How do you handle browser-specific styling issues?
CSSThe short answer
Browser-specific issues happen because different browsers render CSS slightly differently. The main strategies are: use a CSS reset or normalize stylesheet, check browser support on caniuse.com before using new features, use vendor prefixes when needed, and test across browsers regularly.
CSS reset vs normalize
Reset — removes all default browser styles:
* { margin: 0; padding: 0; box-sizing: border-box;}Normalize — makes default styles consistent across browsers without removing them completely. Libraries like normalize.css smooth out the differences.

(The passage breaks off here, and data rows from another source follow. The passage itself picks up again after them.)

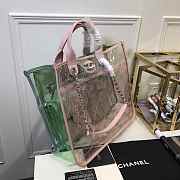 Chanel SS18 Act2 Pvc Tote bag pink Size 39cm - 2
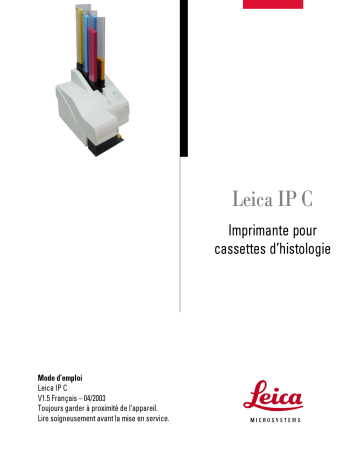 Manuel du propriétaire | Leica IP C Manuel utilisateur | Fixfr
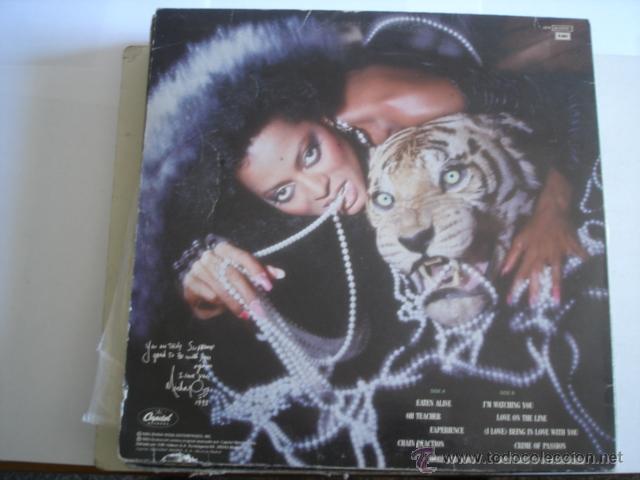 Discos de vinilo: DIANA ROSS EATEN ALIVE - Foto 2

Most projects use one of these as a starting point so you are working from a consistent baseline.
Checking browser support
Before using a new CSS feature, check support on caniuse.com. For features that are not fully supported, use fallbacks:
/* Fallback for older browsers */.container { display: flex;}/* Use grid if supported */@supports (display: grid) { .container { display: grid; grid-template-columns: 1fr 1fr 1fr; }}@supports lets you use modern features while providing a fallback for older browsers.
Vendor prefixes
Some CSS properties needed vendor prefixes for older browser versions:
.element { -webkit-backdrop-filter: blur(10px); backdrop-filter: blur(10px);}Today, tools like Autoprefixer add these automatically during the build process. You rarely need to write them manually.

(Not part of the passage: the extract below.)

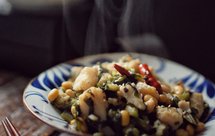 雪菜黄豆炖龙利鱼【下饭菜】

Common cross-browser issues
- Font rendering — fonts look different across OS/browsers. Use
-webkit-font-smoothing: antialiasedon macOS. - Scrollbar styling — different on each browser. Use
::-webkit-scrollbarfor Chrome/Safari. - Form elements — inputs and buttons look different in every browser. Reset their appearance with
appearance: none. - Flexbox gaps —
gapin flexbox was not supported in older Safari. Check caniuse.
Testing
- Test in Chrome, Firefox, Safari, and Edge at minimum
- Use browser DevTools to simulate different screen sizes
- Tools like BrowserStack let you test on real devices remotely
Interview Tip
Cover three things: start with a reset/normalize, check caniuse before using new features, and use @supports for progressive enhancement. Mentioning Autoprefixer for vendor prefixes shows you know the modern toolchain.
Why interviewers ask this
Cross-browser issues are a reality of frontend development. Interviewers want to see if you have dealt with them, if you know the tools and techniques, and if you test across browsers. This shows practical experience building production websites.